Internal queue (SafeQueue)
The async processor uses a SafeQueue, a wrapper around Python's Queue with additional features.
Key properties
- Fixed maximum size: Configurable via
async_queue_size(default: 1000) - Non-blocking enqueue: Returns
True/Falseimmediately - Batch reads:
get_batch(n)retrieves up to n items at once - Writeback buffer: Failed items can be requeued without blocking
- Fill tracking:
fill_percentage()returns queue utilization (0.0 to 1.0+)
API
queue = SafeQueue(maxsize=1000)
# Add item (returns False if full)
success = queue.add((pipelines, payload))
# Get single item (returns None if empty)

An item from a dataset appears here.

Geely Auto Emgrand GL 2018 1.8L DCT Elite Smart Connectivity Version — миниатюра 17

item = queue.get(timeout=1.0)
# Get batch of items
items = queue.get_batch(100)
# Writeback failed items
queue.writeback_batch(items)
# Check fill percentage
fill_pct = queue.fill_percentage() # 0.0 - 1.0+
Writeback buffer
When items are written back but the queue is full:
- Items are stored in an internal
_writeback_buffer - The buffer is drained opportunistically when space becomes available
- Fill percentage can exceed 100% when buffer has items
- This prevents item loss during transient failures
Behavior when full
add()returnsFalseimmediately- No blocking or exceptions
- Application continues unaffected
- Prevents unbounded memory growth
Worker threads
A fixed number of daemon worker threads are started at initialization (default: 2, configurable via async_workers).
Worker lifecycle
- Started as daemon threads when AsyncProcessor is created
- Run continuously until shutdown signal
- Each worker maintains its own
requests.Sessionfor connection pooling
Worker loop
while not shutdown:
item = queue.get(timeout=1.0)
if item is None:
continue
# Route based on primary server health
if primary_server_is_up:
send_to_primary(item)
else:
if echopost_disabled:
send_to_fallback_server(item)
else:
send_to_echopost(item)
Routing logic
- Primary server healthy: Send to primary via HTTP POST
- Primary server down:
- If EchoPost enabled: Send to EchoPost (local Unix socket)

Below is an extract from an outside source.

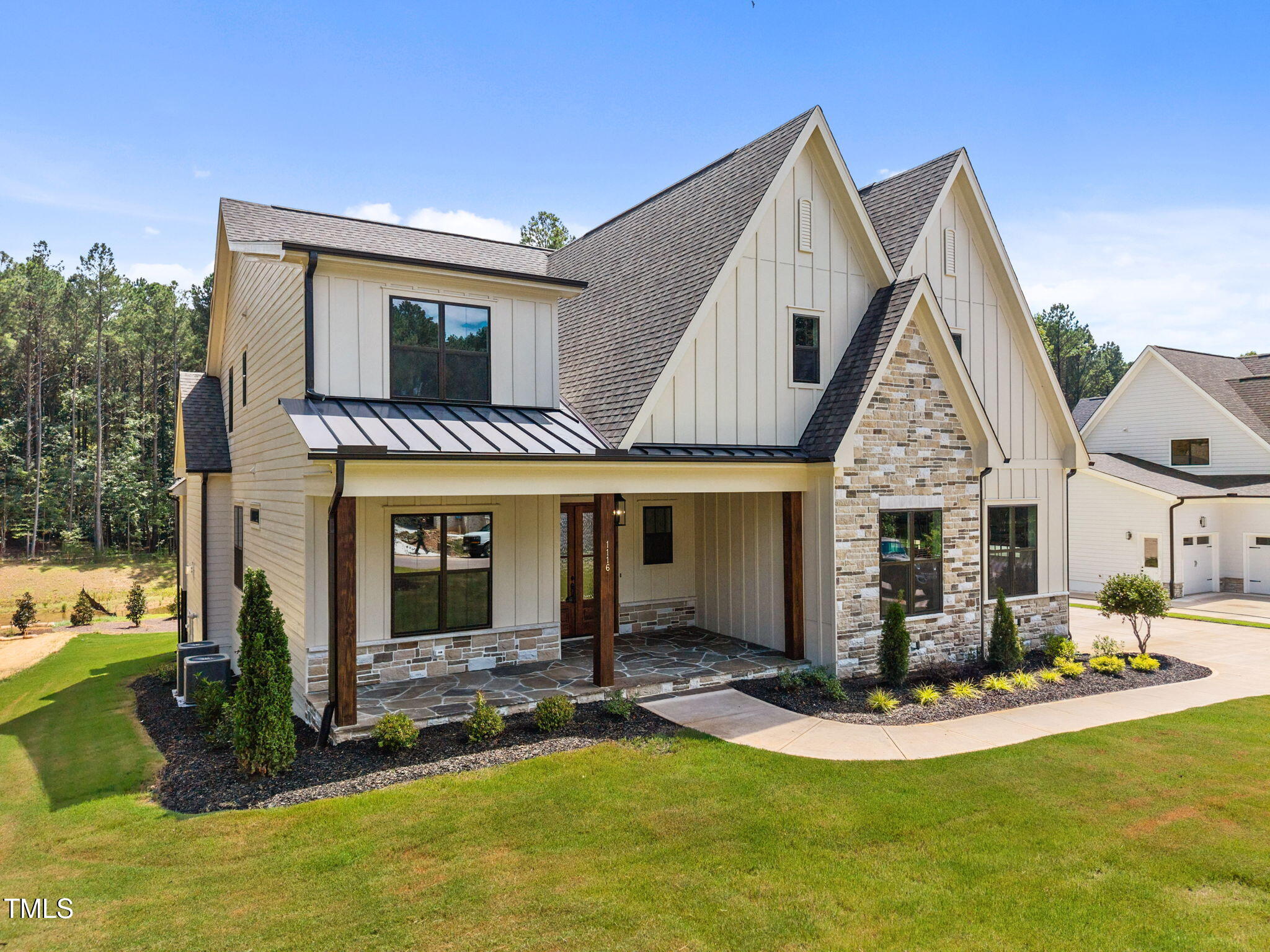 1116 Delilia Lane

- If EchoPost disabled: Send to fallback server (batch HTTP POST)
Error handling
- Success: Mark item as done
- Server unavailable: Requeue item, mark server unhealthy
- Client/server error (4xx/5xx): Drop item, store to disk
- Exception: Log error, mark item as done to prevent blocking
Backpressure and overflow handling
The queue tracks its fill percentage continuously.
Drain worker activation
When queue reaches 90% capacity:
- Drain worker automatically starts (if not already running)
- Drains queue in batches of 100 to fallback server
- Continues until queue drops to 10% capacity
- Dies automatically after draining completes
How it works
if queue.fill_percentage() >= 0.90:
start_drain_worker()
# Drain worker loop
while queue.fill_percentage() > 0.10:
items = queue.get_batch(100)
send_batch_to_fallback(items)
Benefits
- Prevents queue saturation under load
- Automatic without manual intervention
- Uses batch uploads for efficiency
- Falls back to drain worker's own error handling
Graceful degradation
Under sustained overload:
- Queue fills to 90%
- Drain worker activates
- If fallback server also fails, items may be dropped
- Dropped items are stored to disk for later recovery
This prevents unbounded memory growth and application blocking.
Why not direct threading per log
Spawning threads per log would:
- Create unbounded concurrency
- Increase memory pressure
- Complicate retry and recovery logic
- Make backpressure impossible
The queue-based model provides control, observability, and safety.